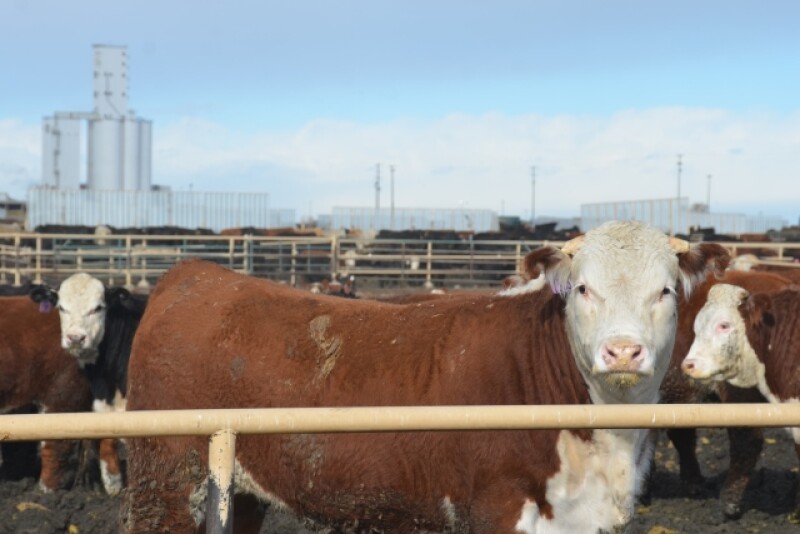 BT_Hereford_Feeder_Cattle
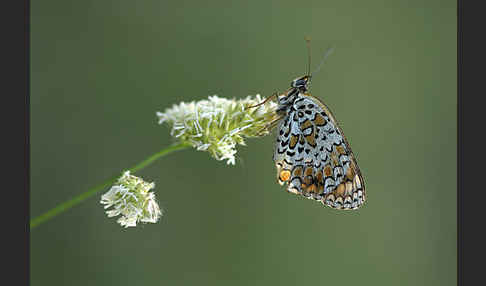 Flockenblumen-Scheckenfalter (Melitaea phoebe)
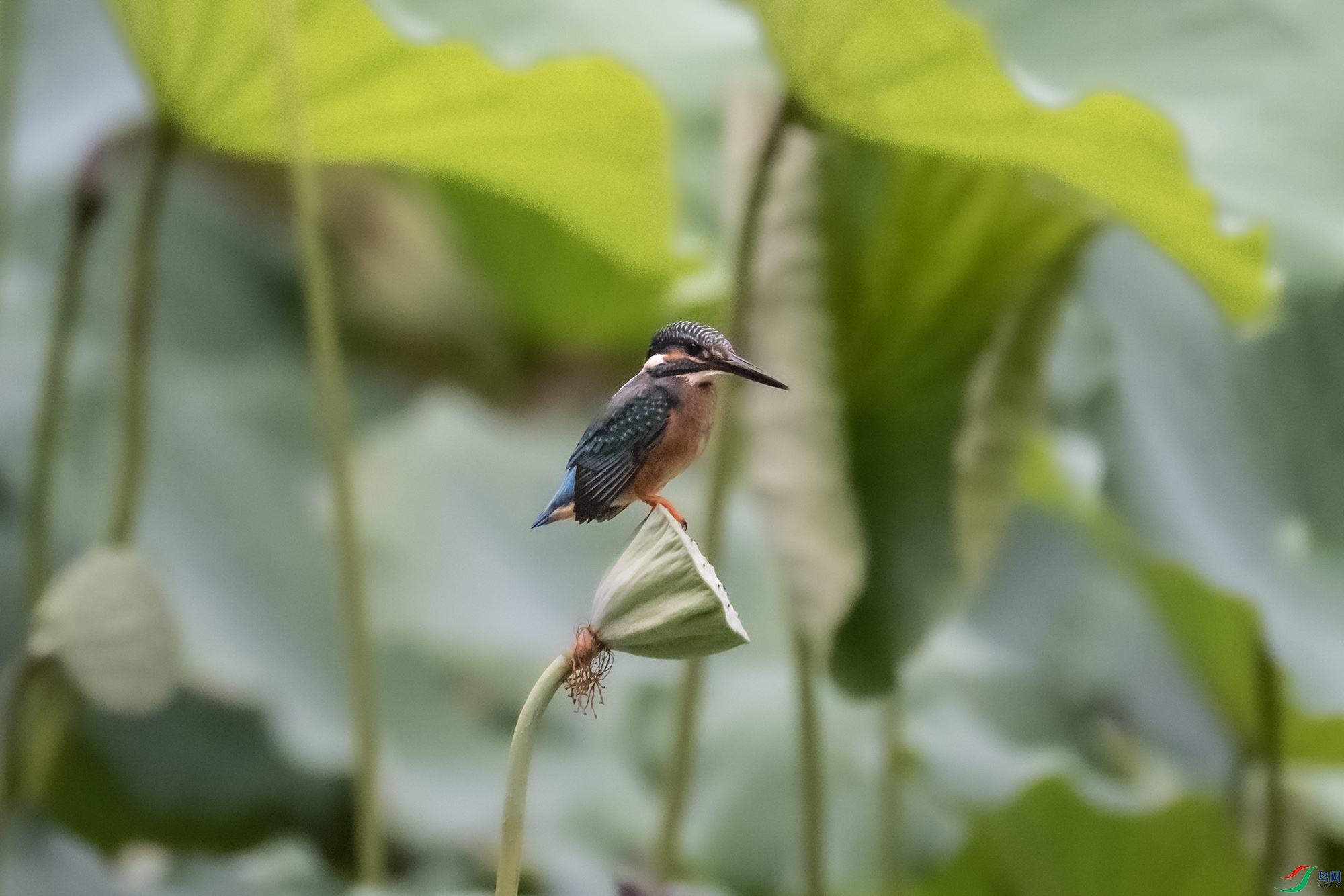 DSC_7736.jpg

# # #

The output consists of exactly the lines from the one containing "Flockenblumen-Scheckenfalter (Melitaea phoebe)" through the last line of the listing, both included, with no pictures.

 Flockenblumen-Scheckenfalter (Melitaea phoebe)
 DSC_7736.jpg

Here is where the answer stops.